In her message, she dismisses arguments for free speech and less administrative bloat as somehow representing “reactionary ideologies” and a nostalgic longing for racism and sexism. She also says that Dartmouth in past years maintained an “anti-intellectual environment,” a claim sure to go over well with the alumni who attended the College then. The email is reproduced below (emphasis added):

Date: 07 Mar 2005 16:04:03 EST
From: Susan Ackerman
Subject: Dartmouth Trustee Election

Dear Friends,

I assume you all received today (as did I), or will receive soon, an announcement from the Association of Alumni that Dartmouth’s Alumni Trustee election is now under way. I write to ask — and indeed beg — you to vote. I know, of course, that many of you are fairly indifferent when it comes to Dartmouth and its affairs, and that there are even some of you have less than fond memories of your time here (e.g., some of you who were here with me during the early days of co-education). Still, I have reason to believe that all of you care about me to some degree or another, and since my professional life is bound up with Dartmouth, I am hoping that you will vote to help make Dartmouth the best place it can be for me and in turn for today’s students.

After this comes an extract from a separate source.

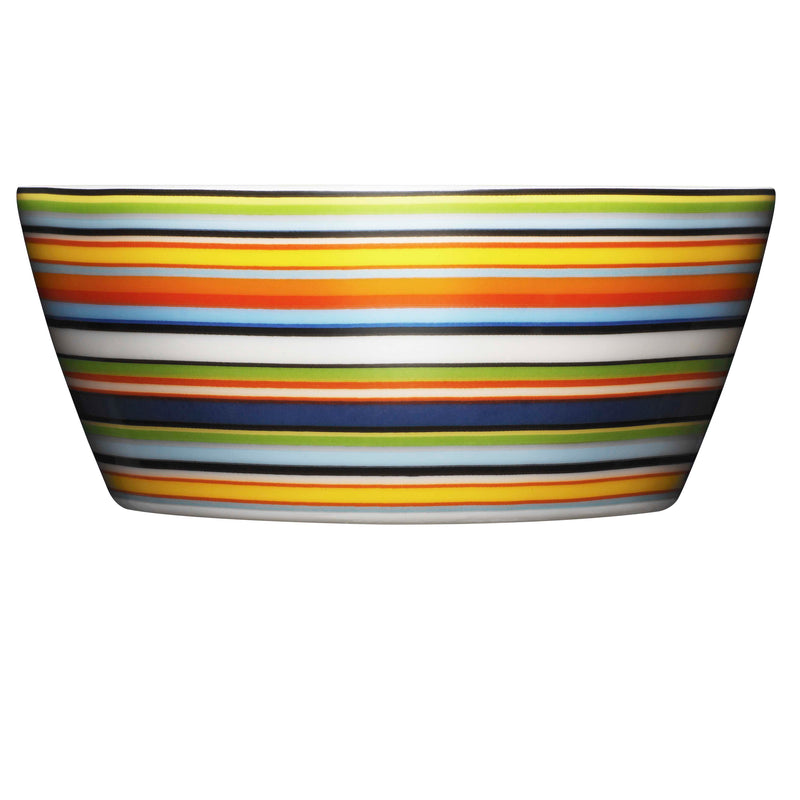Iittala - Origo Schale gestreift | 0,25 l / orange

More specifically: as you will see, there are six names on the Trustee ballot, four nominated by the Alumni Council and two nominated by petition. To be frank, none of the Alumni Council nominees (Cheston, Engles, Lewis, and Welling) excites me all that much, as I am convinced that we most desperately need on our Board representatives who have professional expertise in higher education, rather than expertise in business or law (nine of the Board’s current 15 members hold an M.B.A. or other business degree, as do two of the Alumni Council nominees; three current Board members hold some sort of law degree, as do three of the Alumni Council nominees [if you’re wondering about the math, one of the Alumni Council nominees holds both an M.B.A. and a J.D.]).

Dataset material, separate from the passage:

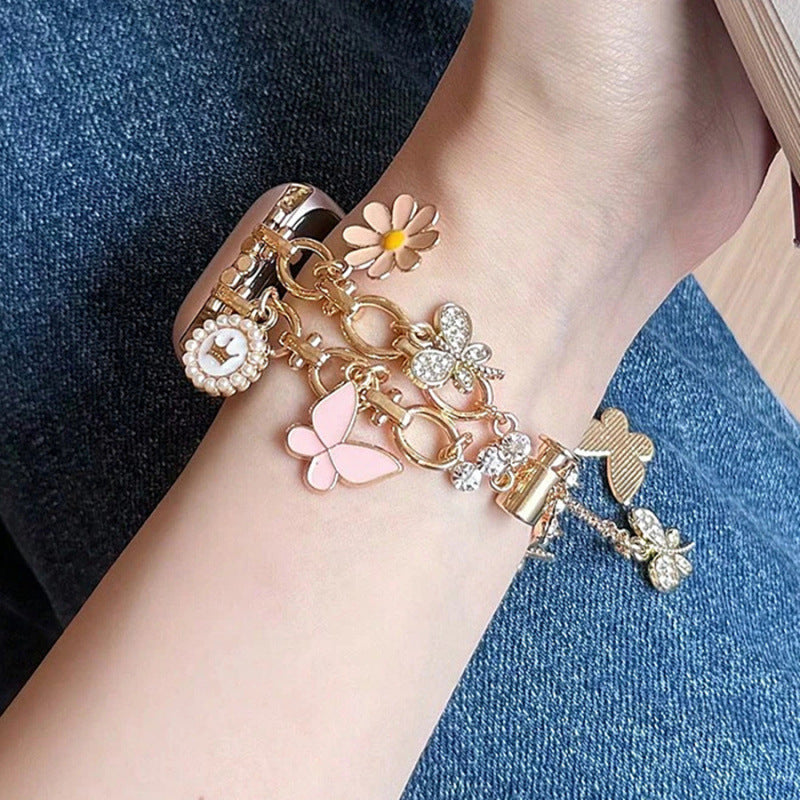 New  Bracelet DIY For Iwatch Xiaomi Watch Band Bracelet Fashion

Still, any of these Alumni Council nominees is preferable, in my mind, to the two petition candidates (Robinson and Zywicki), as the two petition candidates both represent, as far as I can tell, the same sorts of reactionary ideologies as were represented in last year’s elections by TJ Rodgers. More specifically, both question the College’s commitment to free speech because, for example, the College has disciplined organizations that have printed sexually demeaning and even abusive comments about our female undergraduates; both argue the College over-emphasizes the intellectual experience of our undergraduates in favor of athletics or, more generally, the “well-rounded individual”; both feel that critical positions in Student Services — positions that support, for example, African-American students, Native American students, gay, lesbian, bisexual, and transgender students, and students of Asian descent — represent not a commitment to helping historically disadvantaged populations succeed at Dartmouth but administrative bloat; both oppose President Wright’s attempts to broaden social options for Dartmouth students beyond fraternities and sororities. Both petition candidates, in short, seem to me to long nostalgically for some “Dear Old Dartmouth” of the past, without admitting the idealized past they crave represents a Dartmouth that was often hard on women, gays and lesbians, and minorities; monolithic in terms of its social life; and fostered an anti-intellectual environment.

Despite my reservations, therefore, I intend to vote for ALL FOUR Alumni Council nominees (which the Trustee voting procedures allow), in the hopes that any one of them will garner more total votes that the petition candidates. I hope you can do the same. If you want more information, I would direct you to:

(1) www.strongdartmouth.org
(2) http://mason.gmu.edu/~tzywick2/Dartmouth.html (Zywicki’s web page about the election)
(3) http://www.peter-robinson.org/ (Robinson’s web page about the election)
(4) http://www.thedartmouth.com/article.php?aid=2005022802020 ) a recent article in The D that Zywicki cites with approval).

Ballots must be submitted by April 22, either by mail or electronically. You do need a password and security number to vote electronically, which should be sent to you via e-mail. If it isn’t, or you need help, you can contact darthelp@ealumni.com.

Please feel free to forward this e-mail to other potential voters like yourselves, and thanks for reading, thanks for voting,

Susan

The Valley News first got wind of her email two weeks ago.

Update: A reader points out that in 2001 Ackerman condemned Dartmouth’s “president, James Wright, and trustees for not eliminating the Greek system.” This is hardly the “broaden[ing of] social options for Dartmouth students” that she speaks of in her email.